# [TASK OBJECTIVE]
Copy every line of the data below exactly as given, except for the pictures.

==*==

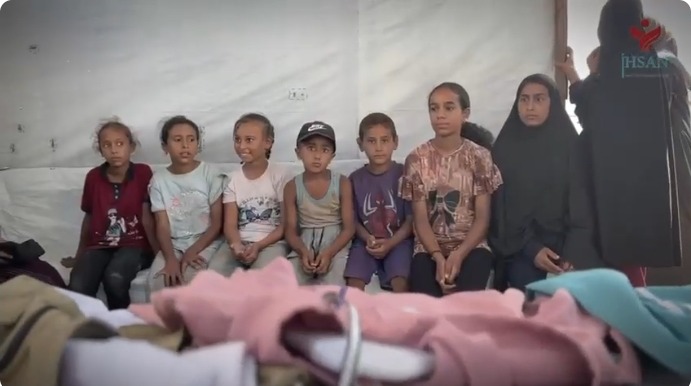 توزيع البطانيات والأغطية الشتوية جنوب غزة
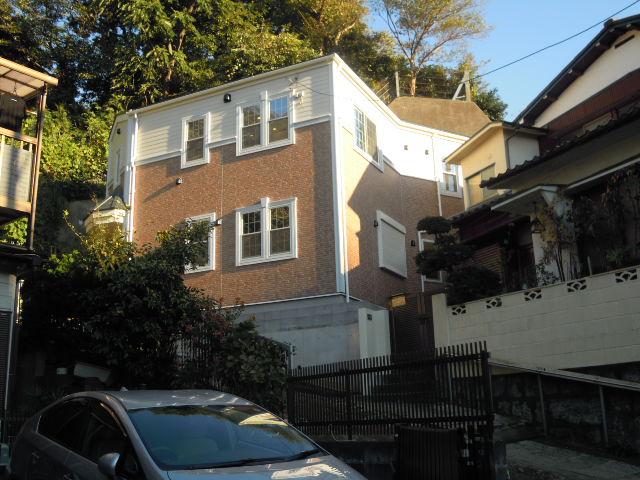 Local appearance photo. Local (11 May 2013) Shooting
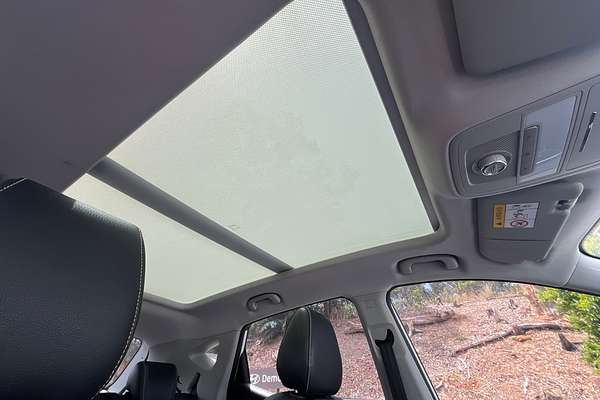 2017 MG ZS Essence AZS1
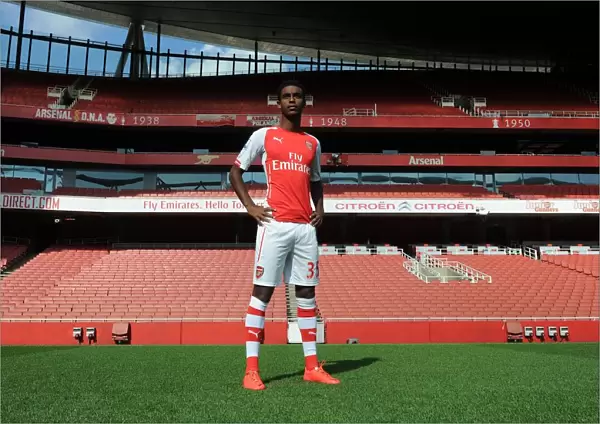 Gedion Zelalem (Arsenal). Arsenal 1st Team Photocall. Emirates Stadium, 7  /  8  /  14. Credit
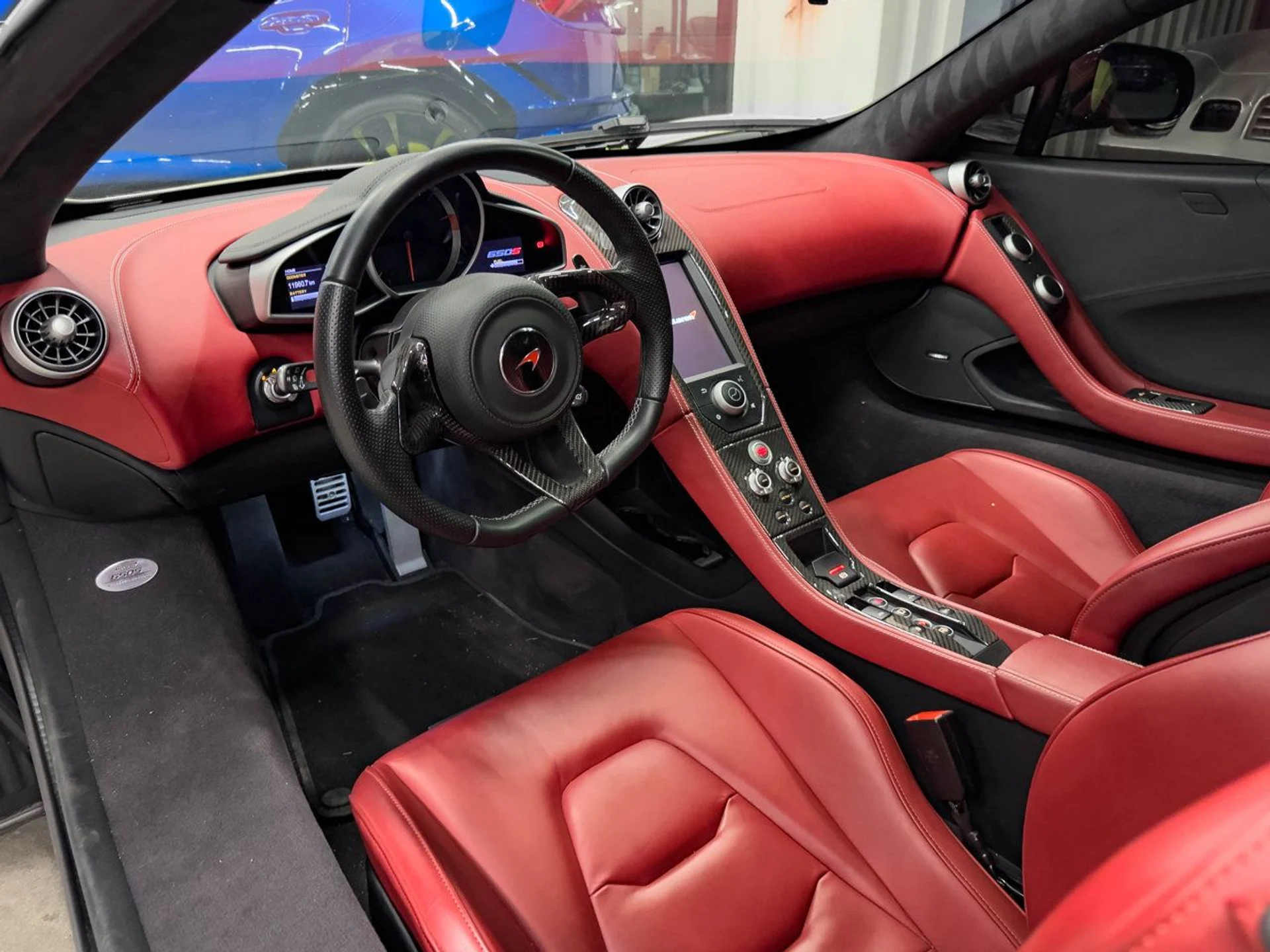 mph002_2190592897_mclaren_650s_2015_5d87a95e19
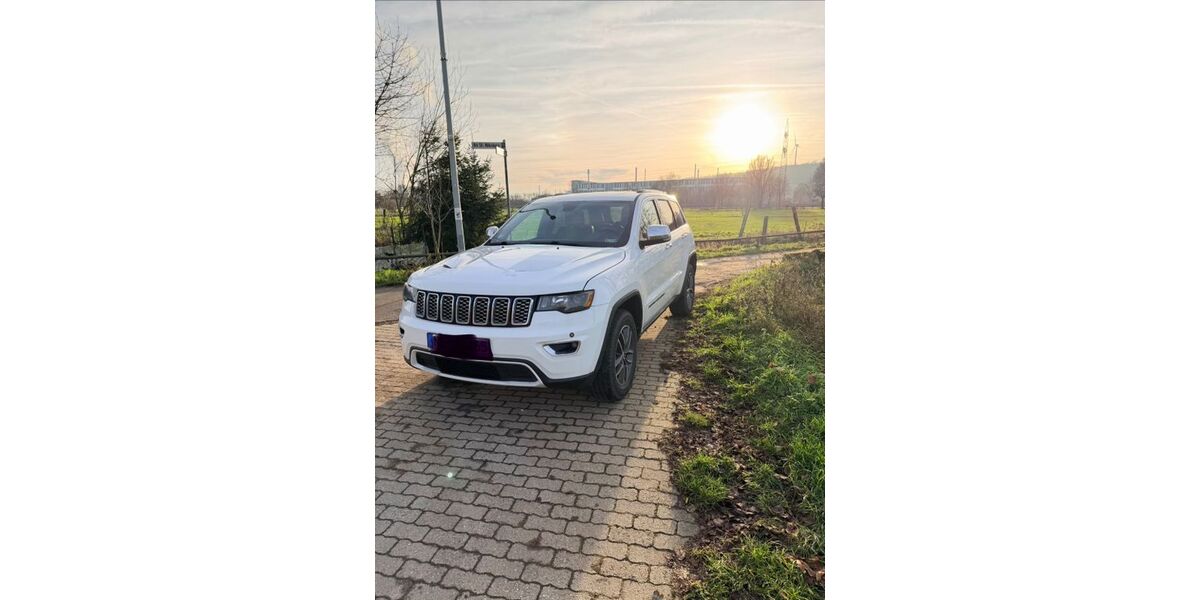 Jeep Grand Cherokee 101.900 km 22.000 &euro; Grevenbroich 41515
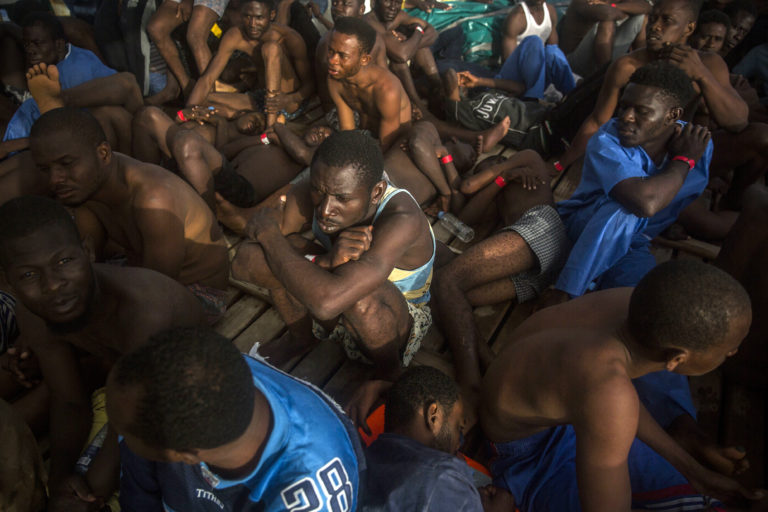 Migranti; utečenecká kríza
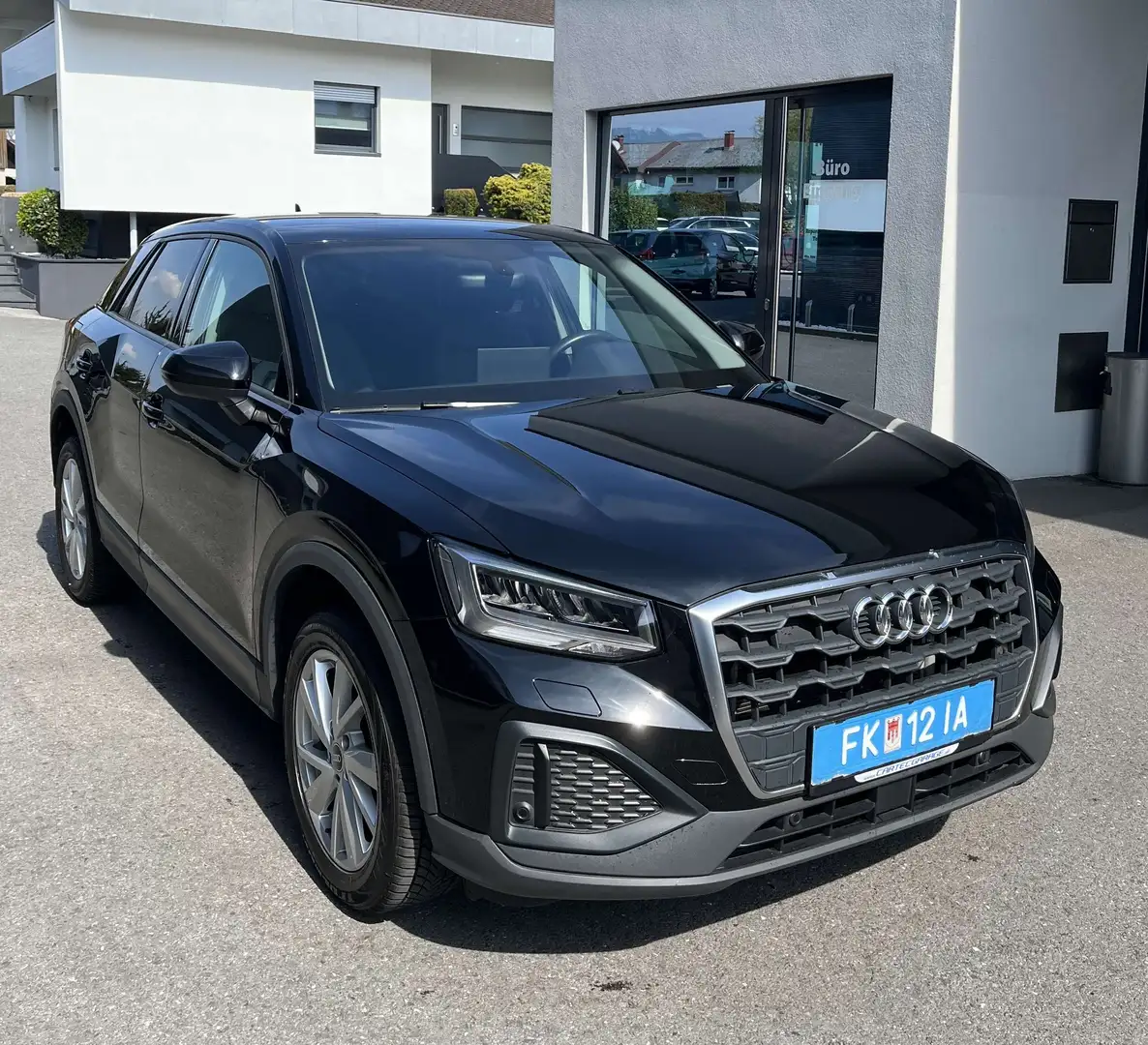 Audi Q2 Q2 35 TFSI intense S-tronic intense Schwarz - 2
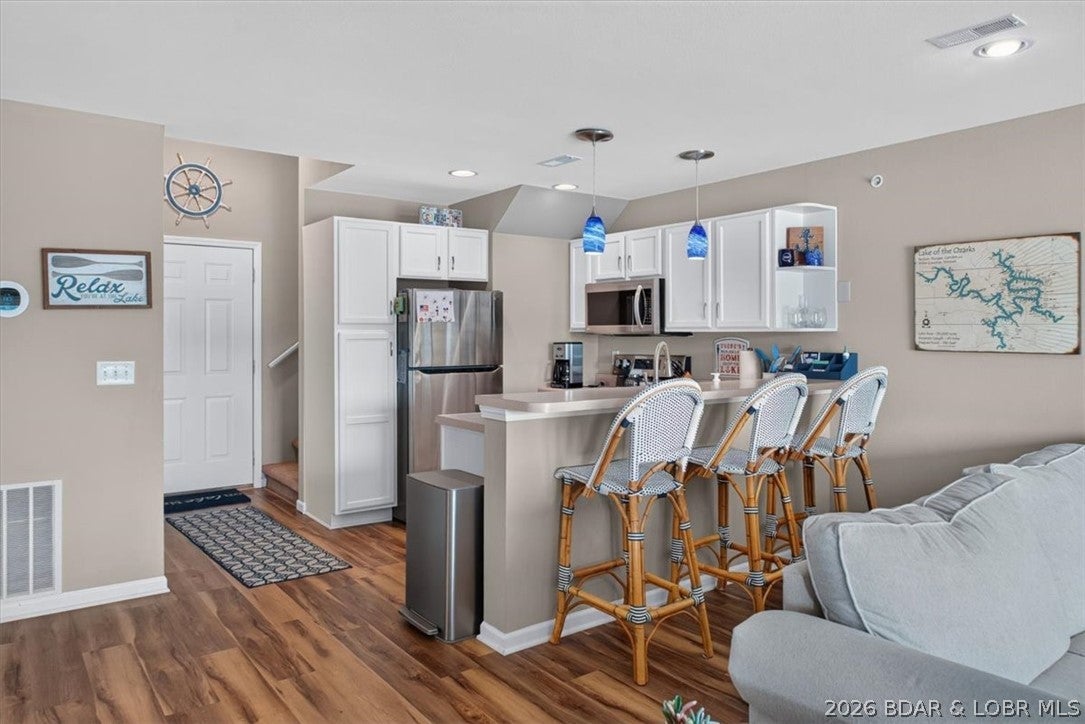 Cedar Glen Condominium - Residential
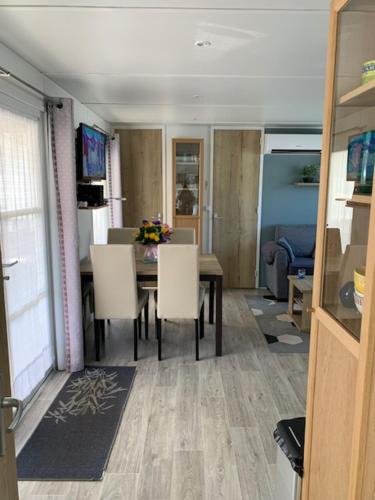 Mobilhome tout confort 40 m2 pour 4 personnes Mobilhome tout confort 40 m2 pour 4 personnes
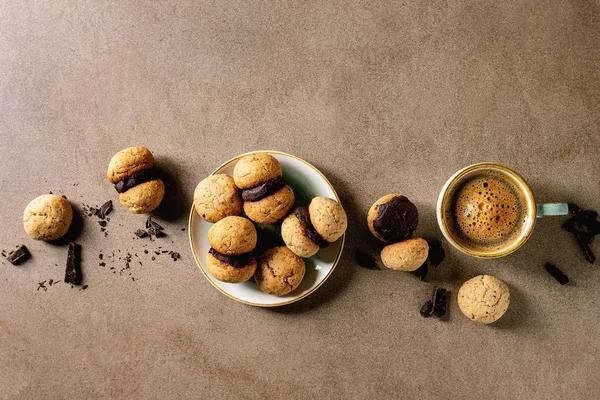 Baci di Dama lískové sušenky — Stock fotografie
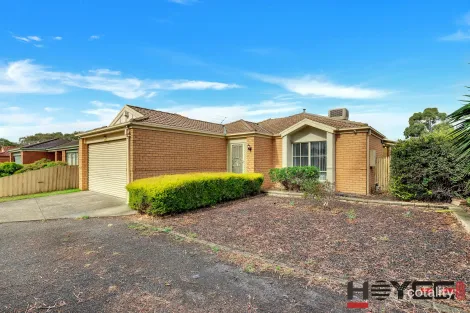 Property photo of 4 Caulfield Crescent Roxburgh Park VIC 3064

==*==

# [RESULT OF THE EXERCISE]
 توزيع البطانيات والأغطية الشتوية جنوب غزة
 Local appearance photo. Local (11 May 2013) Shooting
 2017 MG ZS Essence AZS1
 Gedion Zelalem (Arsenal). Arsenal 1st Team Photocall. Emirates Stadium, 7  /  8  /  14. Credit
 mph002_2190592897_mclaren_650s_2015_5d87a95e19
 Jeep Grand Cherokee 101.900 km 22.000 &euro; Grevenbroich 41515
 Migranti; utečenecká kríza
 Audi Q2 Q2 35 TFSI intense S-tronic intense Schwarz - 2
 Cedar Glen Condominium - Residential
 Mobilhome tout confort 40 m2 pour 4 personnes Mobilhome tout confort 40 m2 pour 4 personnes
 Baci di Dama lískové sušenky — Stock fotografie
 Property photo of 4 Caulfield Crescent Roxburgh Park VIC 3064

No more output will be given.